Xiao remembers her first AJGA event in 2015 and the pressure she felt to meet the expectations that came with her first non-local Canadian event appearance. She was on the alternate list for the Bishops Gate Golf Academy Junior at Centennial while spending the summer in China. She got an email she earned a spot in the tournament and flew straight to the U.S. from China, instead of going home to Canada, to compete in the event.

"I remember I was extremely jet-lagged and Oregon was so hot at that time," Xiao said. "I didn’t put too much pressure on myself, I knew that this was a valuable experience for me. It could have been that first step forward towards my junior golf career outside of Canada or it could have been the first and last AJGA event I will ever play in. I didn’t think too much about it and treated the event as more of a learning experience."

Xiao finished inside the top 10 and went on to compete in 18 events over the next five years. She won the 2017 Under Armour® Canadian Championship and had seven other top-seven finishes with five appearances in Invitationals. She was also the Gateway City Grant recipient representing for Vancouver at the 2018 ANA Junior Inspiration.

In 2018, Xiao moved from Canada to Florida to continue her preparation for the next level at the Gary Gilchrist Golf Academy (GGGA) in Howey-In-The-Hills, Florida. It was there that she was thrown in to an environment living with a group of friends who share similar interests and goals to help her grow as a person and prepare myself for college, surrounded by a team of supportive and trustworthy coaches and staff members.

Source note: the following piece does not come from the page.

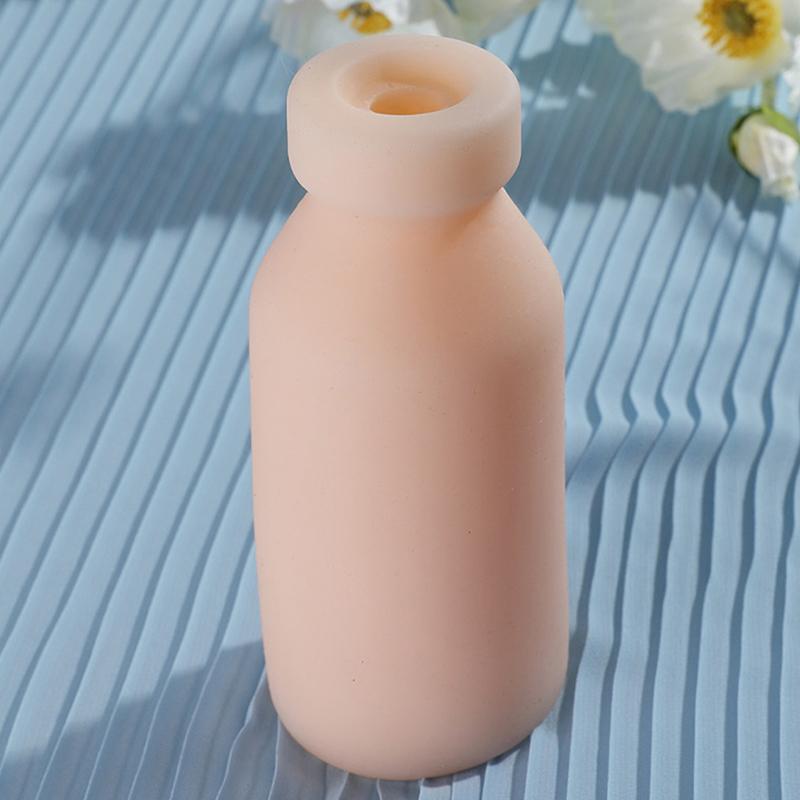 Süt Şişesi Şeklinde Erkek Mastürbasyon Kupası Silikon Mastürbatör Yumuşak Taklit Vajinal Kabarıklık Yetişkin Seks Oyuncakları Erkekler İçin Penis Eğitici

"The AJGA and GGGA are two very important organizations that have helped me tremendously throughout my junior golf career," Xiao said. "First, without the AJGA I wouldn’t have had the chance to play in so many events around the nation to show who I am as a golfer not only to college coaches but also myself. My experience at GGGA was great preparation for college. I took time to learn more about myself, my interests, motivations, and my weaknesses."

A lot comes along with balancing competing in AJGA events, moving to Florida to attend the GGGA and navigating the college recruiting process, although she kept the same mindset and always stayed true to her love for golf and all it has given her.

I wish I could’ve told myself to always remember your passion for golf because that’s why you started playing and be ready to accept the challenges that are to come. Ups and downs in life are inevitable. Only through experiencing difficult times can we see the beauty in life. If life is always good and nothing bad ever happens, then even the good times will seem normal and there will be no surprises in life. Remembering why you started playing golf and what attracted you to this sport in the first place can really help you get through the tough times.